Short text fragments from websites
──────────

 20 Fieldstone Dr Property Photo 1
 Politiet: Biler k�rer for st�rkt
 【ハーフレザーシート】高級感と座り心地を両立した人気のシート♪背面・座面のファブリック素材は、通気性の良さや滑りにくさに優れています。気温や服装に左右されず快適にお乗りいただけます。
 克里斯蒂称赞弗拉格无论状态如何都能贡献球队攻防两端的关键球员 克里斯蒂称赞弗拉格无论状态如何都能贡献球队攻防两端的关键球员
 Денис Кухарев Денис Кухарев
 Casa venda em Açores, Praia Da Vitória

──────────

Task goal
For every entry in the records above, write an exact copy.

Output below
 20 Fieldstone Dr Property Photo 1
 Politiet: Biler k�rer for st�rkt
 【ハーフレザーシート】高級感と座り心地を両立した人気のシート♪背面・座面のファブリック素材は、通気性の良さや滑りにくさに優れています。気温や服装に左右されず快適にお乗りいただけます。
 克里斯蒂称赞弗拉格无论状态如何都能贡献球队攻防两端的关键球员 克里斯蒂称赞弗拉格无论状态如何都能贡献球队攻防两端的关键球员
 Денис Кухарев Денис Кухарев
 Casa venda em Açores, Praia Da Vitória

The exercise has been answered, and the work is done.